I know this is similar to previous questions, but this seems a little different to me because it’s referring to existing values. I have R simplified R dataframe below.
set.seed(2342)
df <- tibble(bp = rep(c("vt1", "vt2"), 4),
id = rep(c(1, 2), each = 4, 1),
alg_vt1 = rep(c("a", "b"), each = 2, 2),
alg_vt2 = rep(c("a", "b"), 4)) %>%
mutate(vo2 = round(runif(nrow(.), 10, 20)),
vo2 = if_else(bp == "vt2", vo2 * 2, vo2))

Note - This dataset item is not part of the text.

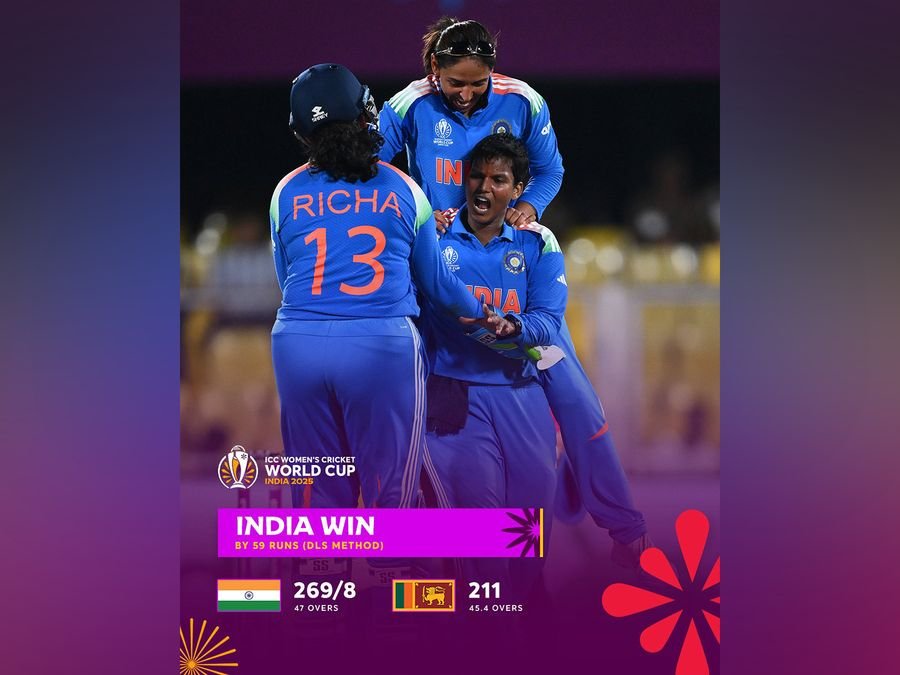 Women's World Cup 2025: India defeat SL by 59 runs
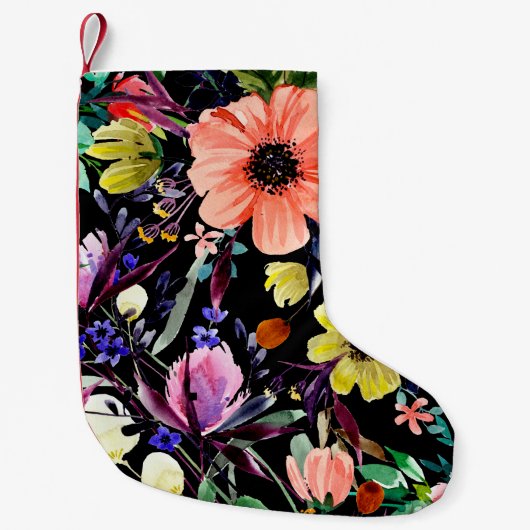 Wasserfarbenes, nahtloses Muster. Verschiedene Kno Kleiner Weihnachtsstrumpf (Vorderseite)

Here’s what the sample data frame looks like (side note, how do I get the spacing in my dataframe correct when pasting a data frame into Stack Overflow?)
bp id alg_vt1 alg_vt2 vo2
vt1 1 a a 18
vt2 1 a b 36
vt1 1 b a 16
vt2 1 b b 30
vt1 2 a a 19
vt2 2 a b 32
vt1 2 b a 10
vt2 2 b b 34
I want to mutate a new column equal to the vo2 at vt2 for each combination of id, alg_vt1, and alg_vt2. That is, I want a data frame that looks like this:
bp id alg_vt1 alg_vt2 vo2 vo2_vt2
vt1 1 a a 18 36
vt2 1 a b 36 36
vt1 1 b a 16 30
vt2 1 b b 30 30
vt1 2 a a 19 32
vt2 2 a b 32 32
vt1 2 b a 10 34
vt2 2 b b 34 34
I’ve tried variations of
df %>%
group_by(id, alg_vt1, alg_vt2) %>%
mutate(vo2_vt2 =
but whatever I put after that gives me an error or I don’t get the output I expect. I know there are hacky ways I could figure this out, but I’m sure there’s a "tidyverse" way to solve this problem. I feel like filter() or pick() could get me there, but I can’t quite put this all together.
>Solution :
tidyr::fill() can do the job.
library(tidyverse)
df |>
mutate(vo2_vt2 = ifelse(bp == "vt1", NA, vo2)) |>
fill(vo2_vt2, .direction = "up")
#> # A tibble: 8 × 6
#> bp id alg_vt1 alg_vt2 vo2 vo2_vt2
#> <chr> <dbl> <chr> <chr> <dbl> <dbl>
#> 1 vt1 1 a a 18 36
#> 2 vt2 1 a b 36 36
#> 3 vt1 1 b a 16 30
#> 4 vt2 1 b b 30 30
#> 5 vt1 2 a a 19 32
#> 6 vt2 2 a b 32 32
#> 7 vt1 2 b a 10 34
#> 8 vt2 2 b b 34 34
Regarding your question about pasting data.frames into SO: Use reprex to prepare your question/answer it will take care of the formatting.